Janice Buddensick (Wagner College), Mary Lo Re (Wagner College)

Abstract

This presentation will focus on how to create a model for business disciplines that uses a single community partner and embeds a civic engagement component in courses across all student grade levels. The model’s challenges and successes will also be discussed.
The challenges stem from four main areas: creating a positive support system, integrating a related service-learning/civic-engagement component to the course, pedagogical changes, and assessing the efficacy of the model.

A support system needs to be created among the College’s Administration, the Community Partner’s Senior Administration, the Faculty, the Community Partner’s Site Supervisors, and the students. We argue that support and open lines of communication among the College’s administration and the faculty member teaching the civic-engagement class is required. Similar approval and support must exist among the community partner’s top management and the local site supervisor or person working directly with the faculty member and the students. This system of support is especially important for the acceptance of this work at the college-wide level in furthering faculty scholarship.

The selection of a community partner is one of the most important decisions in building a civic engagement curriculum. While faculty members are the primary educators of the students in the classroom, our community partners are our counterparts when our students are on site. Accordingly, we wanted a partner that would be able to offer diverse experiences to students—appropriate at all grade levels. We then designed a model that would integrate the students’ community-based activities with their classroom activities. Our Civic Innovations Model is broadly based on the concept of social responsibility.

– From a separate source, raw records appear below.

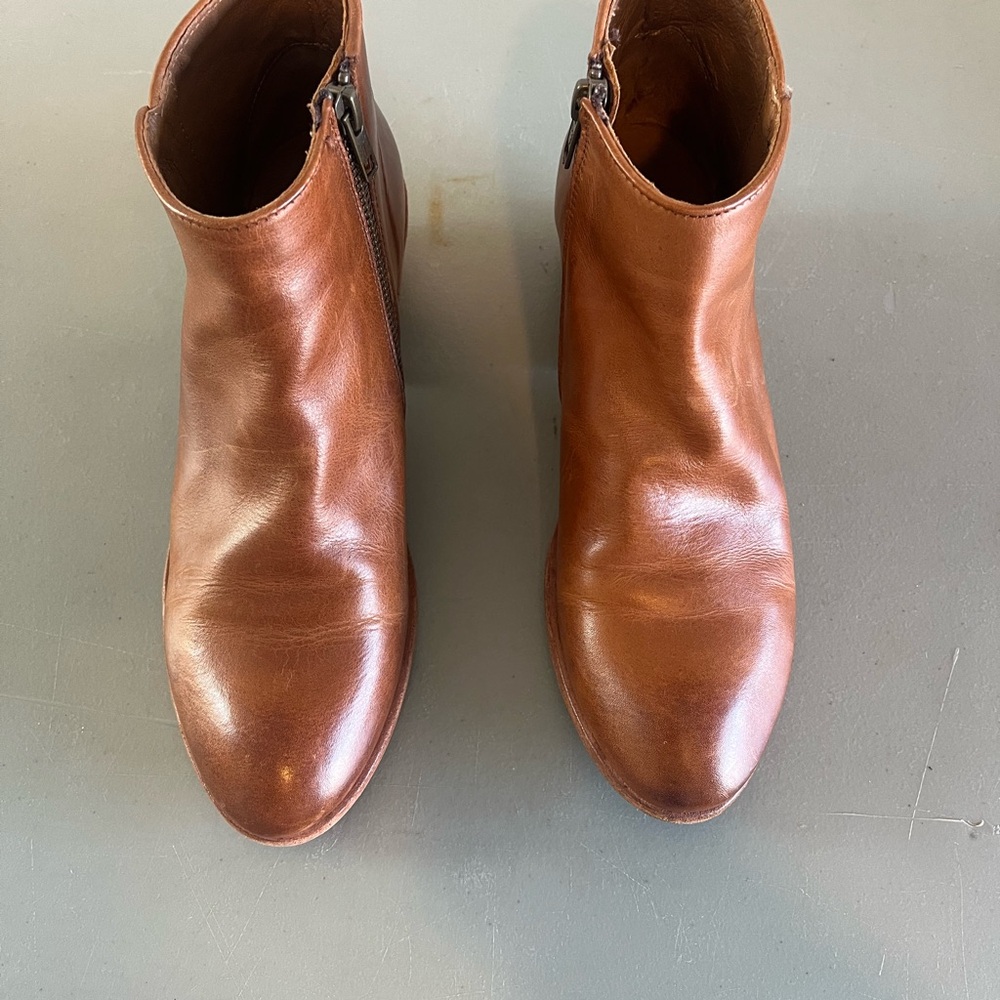 Frye Dark Brown Leather Boots with Embossed Insole
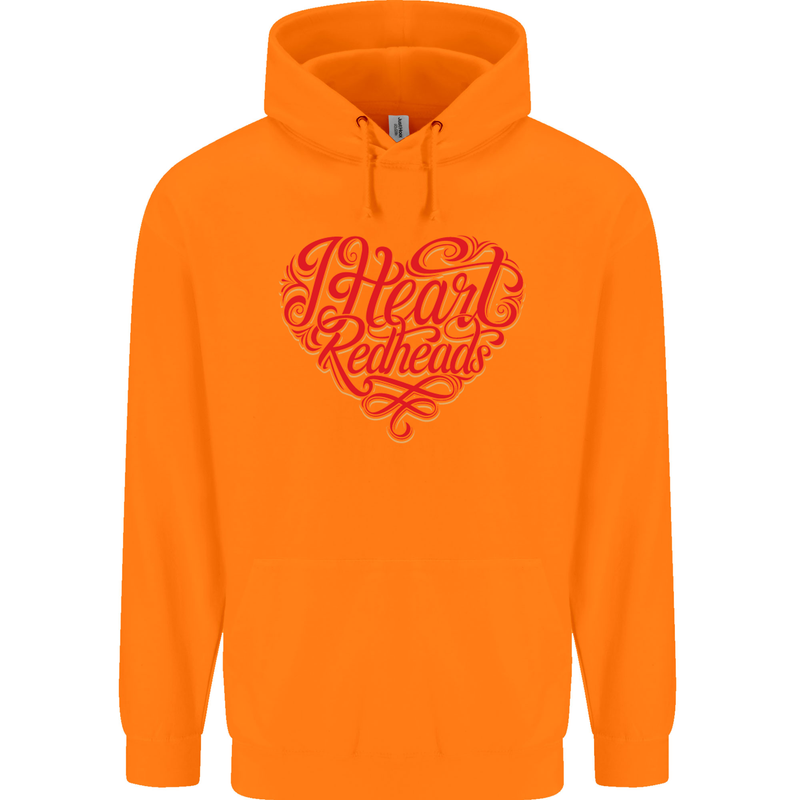 I Heart Red Heads Ginger Hair Funny Mens 80% Cotton Hoodie Orange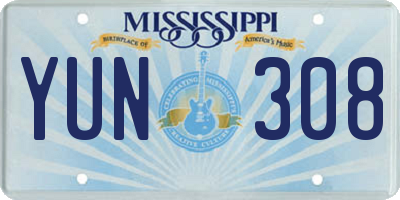 MS license plate YUN308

Pedagogical styles as well as our syllabi were altered to recognize a shift from traditional teacher-student learning to an educational process shared by our community partner and the students. In this model, students take a more active role in the learning process and become a source of knowledge to be shared both with other students and with the community partner. Students are empowered to make connections between what they learn in the classroom and what they see at the community placement with the intent of synthesizing their knowledge and experience.

To measure and evaluate the efficacy of any initiative, goals must be identified and an assessment program must be formulated. While most community partners would espouse that they are teaching students about their organizations and how their services are delivered, we argue that in the course of so doing, they are also creating an environment in which students acquire and/or enhance skills necessary to be successful in their professions. Such skills include how to work collaboratively, conflict resolution, creativity, problem solving, methodical reasoning, critical analysis and a deeper appreciation of civic responsibility. In these assessment efforts, evaluation surveys (completed by all students and site supervisors) were created to measure the students’ social transformation and value-added in delivering a civic engagement course. Furthermore, students’ reflective journals and portfolios were evaluated; students’ interest extending past the completion of the course, and students’ registration for additional civic-engagement courses, were measured.

Incorporating civic engagement into the business curriculum can be done effectively if the requisite support is present and a viable model is designed and implemented. A successful model can benefit students, the community partner, the faculty involved, as well as the institution, in powerful ways.